First proposed in November 2018, it took only about 260 days to turn the new board from an idea into reality.
Yi Huiman, chairman of the China Securities Regulatory Commission, addresses the launching ceremony of the sci-tech innovation board of the Shanghai Stock Exchange at the Lujiazui Forum in Shanghai, east China, June 13, 2019. (Xinhua/Fang Zhe)
"It's not just a new board introduced," said Yi Huiman, head of the China Securities Regulatory Commission (CSRC). "The more important thing is market-oriented and law-based system innovation in links including listing and trading and the development of an IPO system centering on information disclosure."
"It will act as an experiment field, from which the experiences can be replicated and shared," Yi said.
The establishment of the STAR market aims to fully unleash China's science and technology innovation potential, contributing to enhancing the country's innovation capabilities, said CSRC vice chairman Fang Xinghai.
In the past years, many Chinese high-tech companies went overseas to get listed partly due to less inclusive and flexible capital market rules on the Chinese mainland, while the new board is expected to help nurture high-tech innovative market players to lead China's high-quality growth, according to SSE deputy general manager Que Bo.
A robot is seen making a drink at Changyang Campus in Yangpu district, east China's Shanghai, June 21, 2019. In recent years, Yangpu District has vigorously developed Artificial Intelligence (AI) industry in the process of industrial transformation, making efforts to establish several innovation zones focusing on AI such as Changyang Campus. (Xinhua/Ren Pengfei)
The new board focuses on companies in high-tech and strategically emerging sectors such as next-generation IT, advanced equipment, new materials, new energy, energy saving and environmental protection and bio-medicine.
With lower listing qualification requirements for revenue and profitability, the new board has high standards on research and development (R&D) investment.

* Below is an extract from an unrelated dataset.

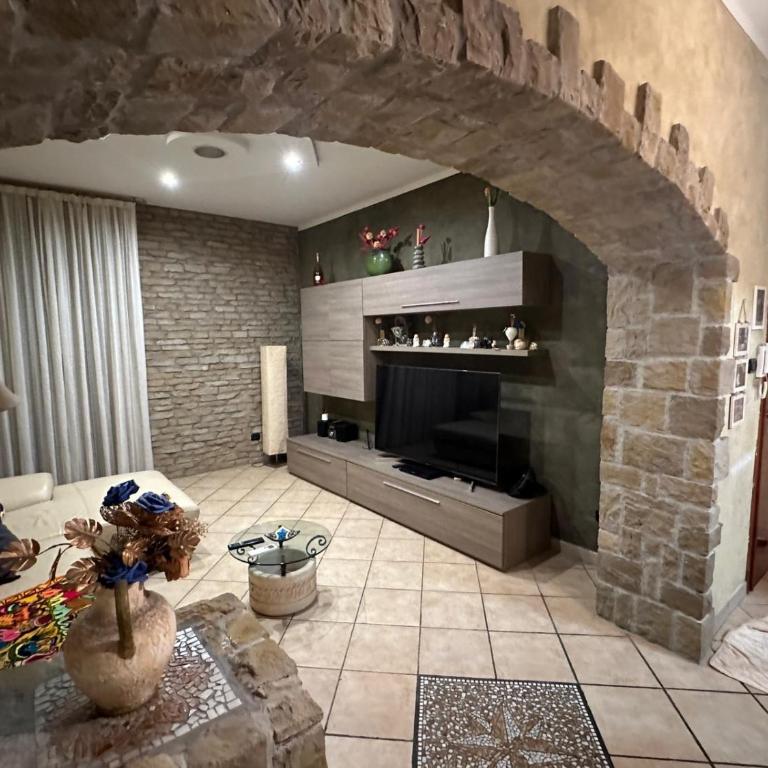 Il Tortellino Quasi in Centro Elegant Apartment - Appartamento con 2 Camere da Letto - 4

The R&D investment level of the first batch of 25 companies is generally much higher than that of firms listed on other domestic boards serving growth firms.

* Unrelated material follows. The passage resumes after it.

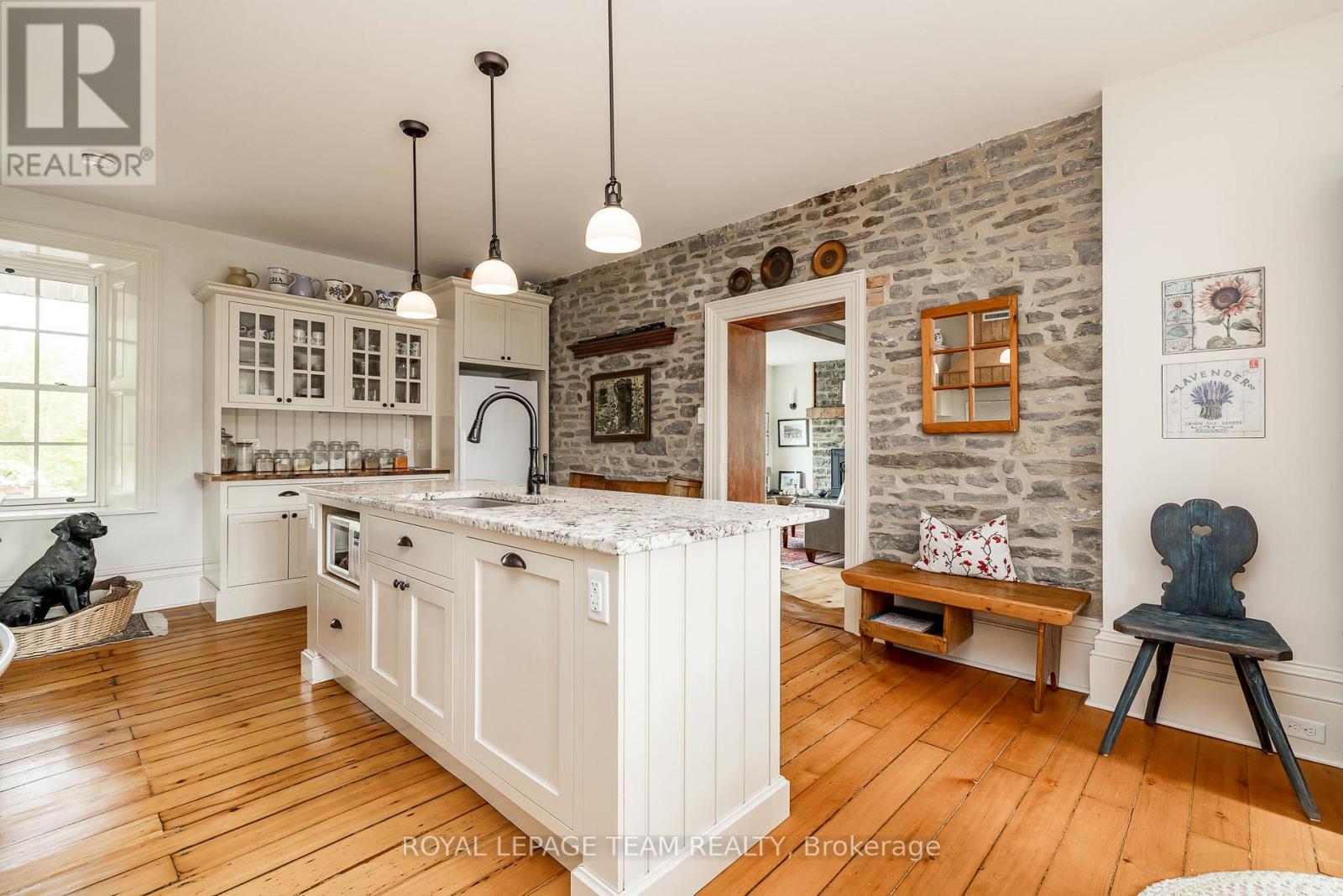Photo 2 of 437 County 23 Road, Merrickvillewolford ON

The R&D spending of Shenzhen-based small molecule innovative medicines firm Chipscreen Biosciences, one of the 25 firms listed Monday, exceeded 50 percent of its revenue in the past three years.

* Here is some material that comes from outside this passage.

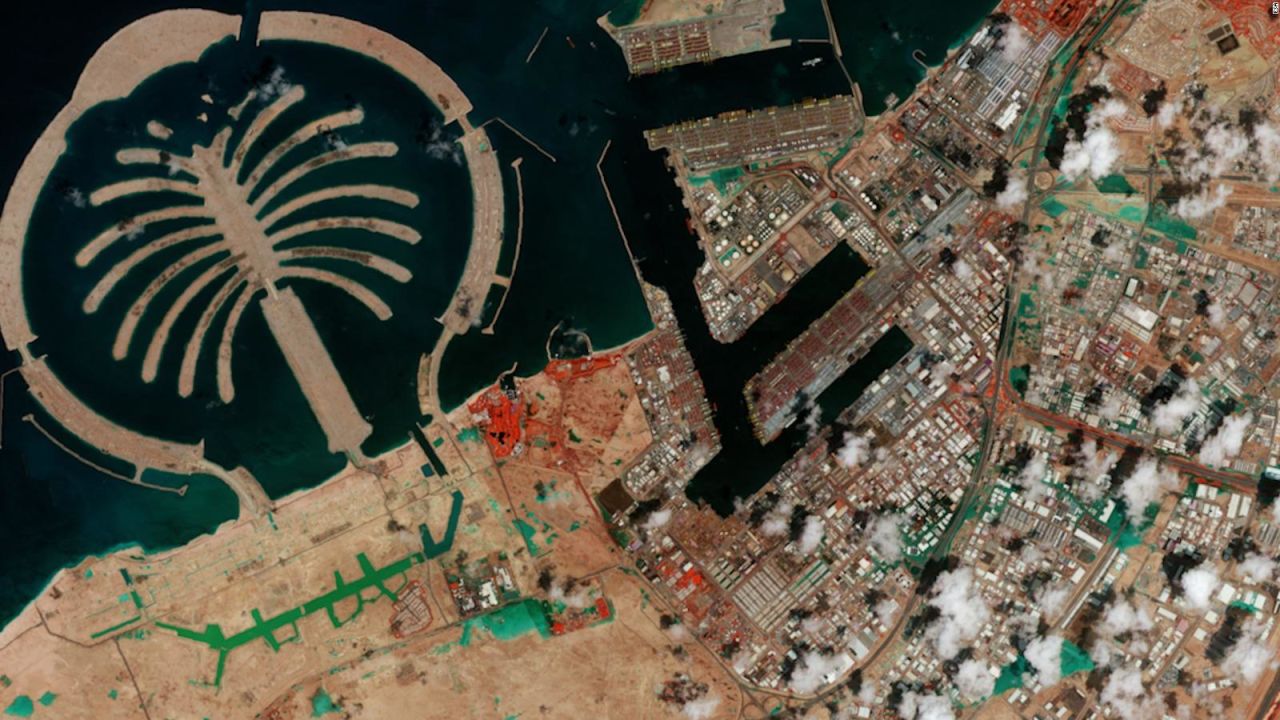 CNNE 1680649 - las inundaciones en dubai, vistas desde el cielo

While offering more financing channels for domestic innovative firms, the new board also creates fresh business opportunities for financial service providers including sponsors and auditing firms at home and abroad, as well as investment choices for qualified investors.
Mark Leung, J.P. Morgan China CEO, said the company is "encouraged by China's commitment and concrete actions to further strengthen its financial markets."
Following the regulatory approval earlier this year, the company is working closely with relevant authorities in setting up a majority owned and controlled securities company in China, Leung said.
Individual investors who have a stock account balance of no less than 500,000 yuan (about 72,600 U.S. dollars) and more than 24 months' experience of securities trading are qualified to buy STAR stocks. Overseas investors can have access to the new board via the qualified foreign institutional investors system.
File photo provided by the Shanghai Stock Exchange (SSE) shows an outside view of the SSE in Shanghai, east China. (Xinhua)
The CSRC has warned of short-term speculation and urged investors to invest rationally and keep a close eye on information disclosure as tech companies face more uncertainties. Some mechanisms have been introduced to avoid wild market fluctuations.
The new board's operation smoothness remains to be seen, according to Fang, adding that the board has a bearing on the improvement of China's innovation capabilities and economic growth in the long run. "We will address any challenges coming our way in this new market."
As a cautious investor, Guo chose to wait and see. "It might take time to see any investment pay off, but it's surely worth a shot."
(Video reporters: Ding Ting, Cen Zhilian, Chenjie, Sunqing; Video editor: Zhang Xinyi)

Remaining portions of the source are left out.